研究は以下の手順を踏む。すなわち、筆頭研究者(Kolar-Borsky)のシチュエイション・ソングの臨床経験の詳述(事前了解〔preunderstanding〕として)、関連する文献の系統的分析、そしてデンマーク、オーストリア、ドイツの3人の音楽療法士との半構造化インタビューである。解釈学の原則にのっとり、柔軟な研究アプローチがとられる。

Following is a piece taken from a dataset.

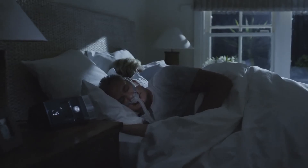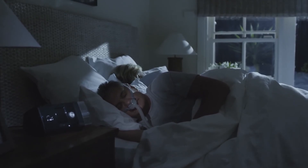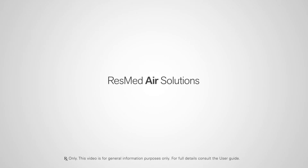If you're using the ClimateLineAir heated tube, your device will already be set up in Climate Control Auto mode, so you can experience therapy at the most comfortable temperature and humidity levels without having to do a thing. ResMed Air Solutions — a new beginning in great sleep.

研究の結果からは、小児領域の音楽療法士は定期的にシチュエイション・ソングを使っているが、とくに発達的初期にある子どもによく用いていることが示されている。シチュエイション・ソングを用いる様々な意図は、以下のように要約される。療法的空間を創り出す;療法的関係を支える、感情/行動/表現/社会的スキルといった領域の経験と発達を促す;言語によるメッセージを表現して子どもに構造を与える。シチュエイション・ソングの全体的な目的は子どもの発達を支えるために不可欠な経験を提供することである。
この研究は、音楽療法に応用されている臨床用語をより国際的に交流させることへの試みである。筆頭研究者Kolar-BorskyのAalborg大学(デンマーク)の音楽療法修士論文として提出され、共同研究者Holckはその指導教員である。